San Andreas Fault


San Andreas Fault
The San Andreas Fault is a dextral strike-slip fault. The fault marks the boundary between the North American Plate on the east and the Pacific Plate on the west. A lesser proportion of the motion between these two plates is accommodated along the Walker Lane Shear Zone and in the Basin and Range Province. The San Andreas Fault connects the Cascadia Subduction Zone in the north (at Cape Mendocino) to the Gulf of California Rift in the south. The San Andreas Fault is composed of a zone several miles wide which incorporates multiple strands. Activity and displacement on the various strands migrates in time and space. The main active strand currently runs on and off-shore between Cape Mendocino and the Sea of Cortez. From Cape Mendocino, it runs offshore to Tomales Bay, southward through Bolinas Lagoon, just west of the San Francisco Peninsula, to come onshore again at Daly City, through the hills of the Peninsula (Crystal Springs reservoir is formed by the fault itself). In the Santa Cruz mountains, it bends slightly eastward, forming a restraining bend. This is the site of the transpressional (blind reverse) 1989 Loma Prieta Earthquake. The fault continues south through the historic mission at San Juan Bautista and through the town of Hollister (where active creep can be seen to offset sidewalks and even houses). The Transverse Ranges north of Santa Barbara are formed by compression across a major restraining bend to the east. Strands of the fault snake under the LA Basin. South of LA the fault expresses an extensional bend to the west -causing the Salton Trough. From there it connects into the active spreading under the Sea of Cortez.
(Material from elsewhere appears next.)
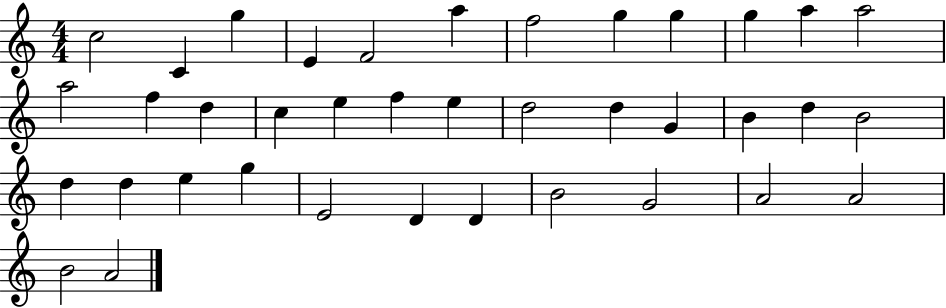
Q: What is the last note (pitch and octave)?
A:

The San Andreas fault was discovered by professor Andrew Lawson in 1895, who famously climbed into the faulted serpentinite well where the south tower of the Golden Gate Bridge was being poured. In spite of the extreme deformation of the serpentinite, Lawson declared the bridge perfectly safe. The events of the 1906 San Francisco earthquake would seem to substantiate Lawson's conclusion as the ruptured strand was not the one he observed in the footprint of the bridge.